**SUPPLIED INFORMATION**

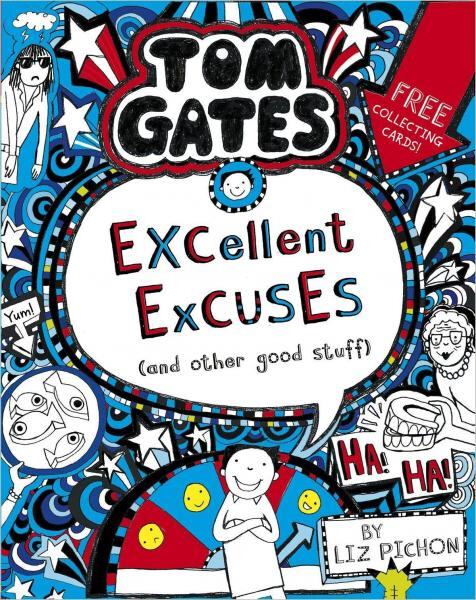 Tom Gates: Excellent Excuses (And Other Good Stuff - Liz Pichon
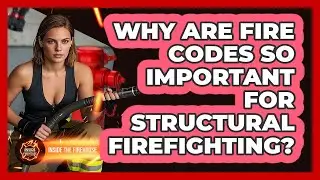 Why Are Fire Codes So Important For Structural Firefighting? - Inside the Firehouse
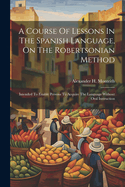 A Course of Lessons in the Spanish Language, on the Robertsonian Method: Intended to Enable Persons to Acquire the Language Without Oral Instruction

**PROBLEM TO WORK ON**
Would you return the whole listing exactly, without the pictures?

**SOLUTION FOR THIS EXERCISE**
 Tom Gates: Excellent Excuses (And Other Good Stuff - Liz Pichon
 Why Are Fire Codes So Important For Structural Firefighting? - Inside the Firehouse
 A Course of Lessons in the Spanish Language, on the Robertsonian Method: Intended to Enable Persons to Acquire the Language Without Oral Instruction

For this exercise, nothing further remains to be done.